Contrairement au projet civilisateur et au philhellénisme, la revendication

des années 1830 n’est pas acceptée par l’Europe. Au nom du

maintien de l’unité ottomane, on va refuser aux musulmans de l’Empire

ce qui est en train d’être accepté pour les chrétiens des Balkans : l’application

du principe des nationalités. La distinction est donc à la fois

confessionnelle et géographique et elle va durer jusqu’à la fin de

l’Empire. Si une part musulmane de l’Empire emprunte la voie du

séparatisme étatique, son sort sera de passer sous la domination

européenne directe et non d’accéder à l’indépendance complète, comme

en témoigne le sort de la Tunisie en 1881 et de l’Égypte en 1882.

En revanche, les communautés chrétiennes vont être considérées

comme des agents d’influence et des clientèles naturelles des

puissances européennes avec, de nouveau, une ambiguïté sur leur

devenir : la constitution de l’État à l’image de ce qui se fait dans les

Balkans ou leur maintien dans l’ensemble ottoman en Anatolie et dans

les provinces arabes ? Cette ambiguïté aura des conséquences particulièrement

tragiques pour les différentes communautés chrétiennes

anatoliennes qui croiront se voir promis le même avenir radieux que les

communautés balkaniques, alors que les logiques européenne et

ottomane les conduiront à l’anéantissement dans les premières

décennies du XX e siècle.

LA PROJECTION CHRÉTIENNE

C’est au moment où la révolution industrielle devient une réalité

tangible en Europe, où le débat sur la place de la religion devient

central dans cet espace, que l’Europe se projette alors résolument sous

une forme chrétienne dans l’espace ottoman. La complexité du

phénomène fait appel à plusieurs ordres de raisons.

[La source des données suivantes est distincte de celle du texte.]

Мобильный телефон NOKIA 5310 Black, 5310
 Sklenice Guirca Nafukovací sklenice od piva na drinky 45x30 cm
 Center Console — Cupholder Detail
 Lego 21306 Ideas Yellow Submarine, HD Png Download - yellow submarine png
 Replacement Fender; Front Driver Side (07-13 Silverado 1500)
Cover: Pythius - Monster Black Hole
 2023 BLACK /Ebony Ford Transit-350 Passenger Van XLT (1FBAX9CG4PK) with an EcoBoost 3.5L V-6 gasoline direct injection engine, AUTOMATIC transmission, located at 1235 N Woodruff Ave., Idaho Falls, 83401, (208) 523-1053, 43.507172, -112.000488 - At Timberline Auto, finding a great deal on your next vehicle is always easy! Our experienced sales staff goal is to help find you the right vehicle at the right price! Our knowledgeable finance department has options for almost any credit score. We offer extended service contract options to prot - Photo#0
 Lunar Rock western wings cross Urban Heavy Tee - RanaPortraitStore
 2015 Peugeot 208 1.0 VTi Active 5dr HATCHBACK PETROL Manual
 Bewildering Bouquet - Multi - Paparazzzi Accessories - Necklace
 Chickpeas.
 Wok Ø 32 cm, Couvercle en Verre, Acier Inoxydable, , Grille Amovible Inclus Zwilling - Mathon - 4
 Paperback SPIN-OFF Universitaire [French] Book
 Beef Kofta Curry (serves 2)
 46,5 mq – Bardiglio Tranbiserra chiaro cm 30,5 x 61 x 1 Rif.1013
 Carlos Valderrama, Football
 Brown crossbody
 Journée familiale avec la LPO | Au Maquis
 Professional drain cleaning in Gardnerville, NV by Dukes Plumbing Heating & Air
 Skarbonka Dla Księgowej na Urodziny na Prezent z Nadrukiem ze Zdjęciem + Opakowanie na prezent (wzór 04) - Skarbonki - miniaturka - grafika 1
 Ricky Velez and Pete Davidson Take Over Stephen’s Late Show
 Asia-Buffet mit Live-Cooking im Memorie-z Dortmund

La première est la disparition des Lumières en tant que telles. Le

libéralisme qui lui succède passe moins par un affrontement direct de

nature philosophique (écraser l’infâme) que par la réalisation, par

étapes, d’un programme concret au prix d’accommodements et

d’éventuels retours en arrière. Dans ce contexte, les Églises ne sont

plus seulement dans la défensive, comme à l’époque précédente, ou

dans la réaction religieuse, comme sous la Restauration française. Elles

entreprennent des opérations de récupération des thématiques de l’adversaire.